> Work to be completed
Reproduce every record below exactly as written, but leave out any pictures.

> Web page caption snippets
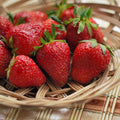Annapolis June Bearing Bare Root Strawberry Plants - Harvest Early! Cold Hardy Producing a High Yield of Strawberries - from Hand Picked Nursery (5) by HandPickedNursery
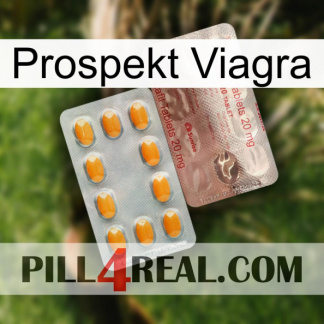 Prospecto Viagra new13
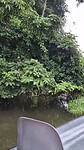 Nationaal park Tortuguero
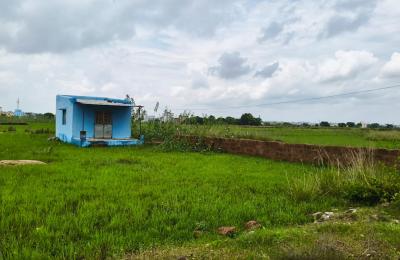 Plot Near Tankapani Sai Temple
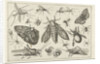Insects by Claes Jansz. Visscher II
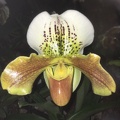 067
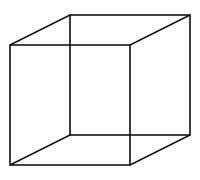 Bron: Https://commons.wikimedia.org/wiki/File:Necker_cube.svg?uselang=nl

> Answer
Annapolis June Bearing Bare Root Strawberry Plants - Harvest Early! Cold Hardy Producing a High Yield of Strawberries - from Hand Picked Nursery (5) by HandPickedNursery
 Prospecto Viagra new13
 Nationaal park Tortuguero
 Plot Near Tankapani Sai Temple
Insects by Claes Jansz. Visscher II
 067
 Bron: Https://commons.wikimedia.org/wiki/File:Necker_cube.svg?uselang=nl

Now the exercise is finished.